Ju-liar’s Carbon Con

Julia Gillard is fighting for her political life.

Despite an unequivocal promise not to introduce a carbon tax under any government that she leads, the most shameless broken political promise in recent memory poses a dire threat to her professional standing.

While broken promises may seem par for the course in modern politics, rarely have we seen one that breaches such a major undertaking to the electorate, and one which cannot plausibly be ‘spun’ to advantage. Although that didn’t stop the government trying.

Just hours after the extraordinary press conference that demonstrated to the Australian people that the ‘quality’ team running the show prefer public preening to good public policy, the spin doctors were out in force.
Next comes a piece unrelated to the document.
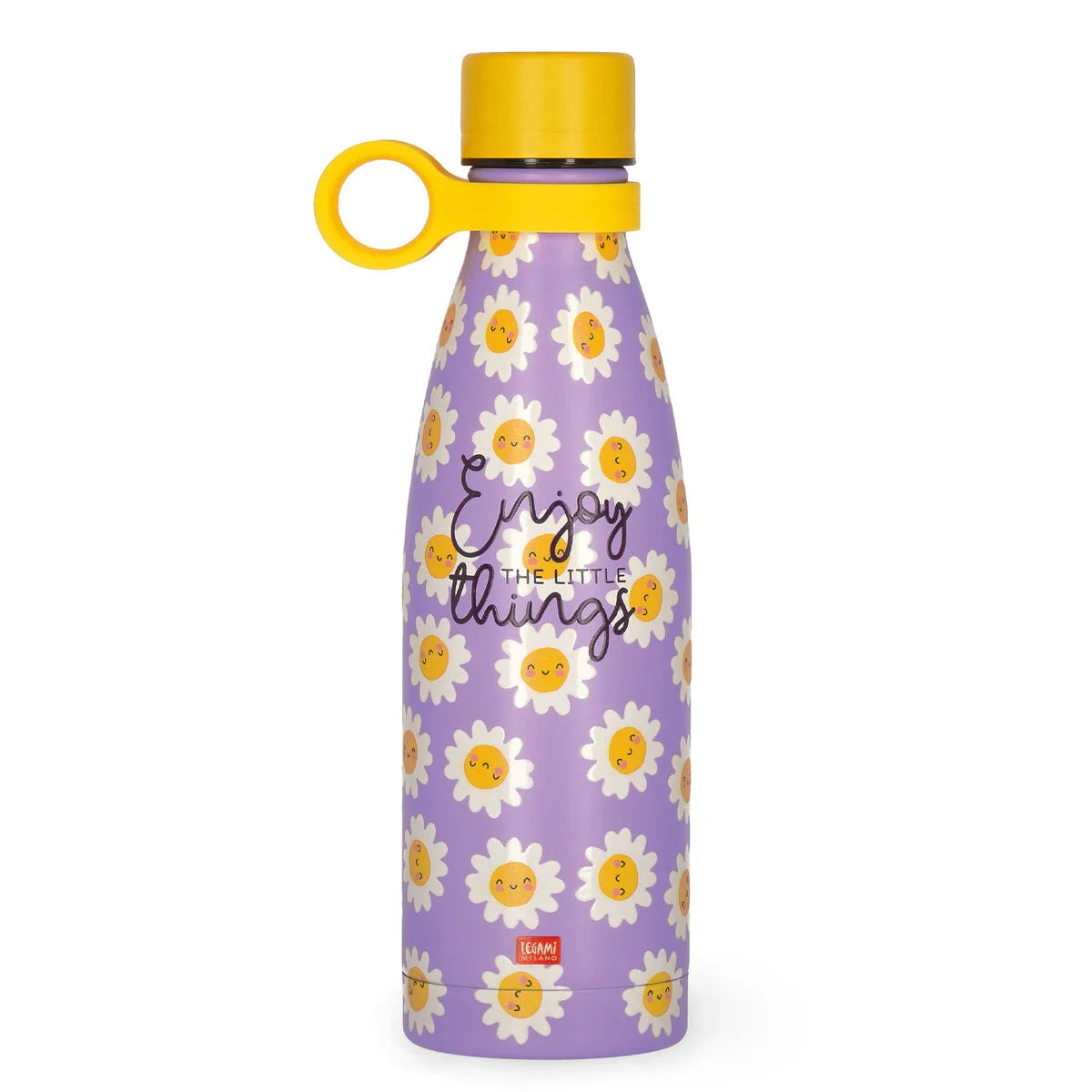 Shishe uji termus 500ml "Daisy"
‘This is not a tax but a price on carbon’ opined one, setting a new standard of political sophistry. Not only is the ‘not a tax’ claim an insult to every Australian who is not one of the lobotomised ‘zombies’ in the Labor Caucus, the very premise that carbon dioxide and carbon are interchangeable terms is arrant nonsense.

Carbon dioxide is a colourless, odourless gas that comprises a tiny percentage of our atmosphere. Carbon, on the other hand, is the substance that is in all known life forms and comprises approximately 18.5 per cent of the human body. To refer to either of them as a pollutant is even more misleading – unless you consider mankind as a ‘pollutant’ like some Green extremists do.

For Gillard to flip on such a strong promise and with such a contentious issue suggests that Labor are really struggling with some internal problems as well as with setting an agenda for the future. One Labor wag told me that their emphasis on multiculturalism and immigration the previous week had backfired disastrously in internal polling and they needed to shift the agenda to different ground.

If a carbon tax is their response then things must be very bad indeed. Not only do the Australian people not like being lied to, they hate the thought of paying more tax when this government has already squandered so much of their money.

Although ignored by the Gillard Government, many Australian families are struggling with cost of living pressures. The rise in utility bills is set to get worse thanks to a carbon tax. One Labor Parliamentary Secretary, Mark Dreyfus, tried to justify the price rises on national television as giving certainty for business.

Mr Dreyfus seems to have conveniently forgotten that business was certain that there was no carbon tax on the way because both major parties promised not to introduce one. If this is the quality of the logic and reasoning in the Labor inner sanctum, we all have cause to be very worried.

Which takes me back to Julia Gillard. She promised that no government she leads will introduce a carbon tax. Based on the betting markets that have her odds on to be replaced by Bill Shorten or Greg Combet before the next election, perhaps she might be able to keep her word, although it would do little to redeem her reputation as the worst, most wooden Prime Minister we have ever had.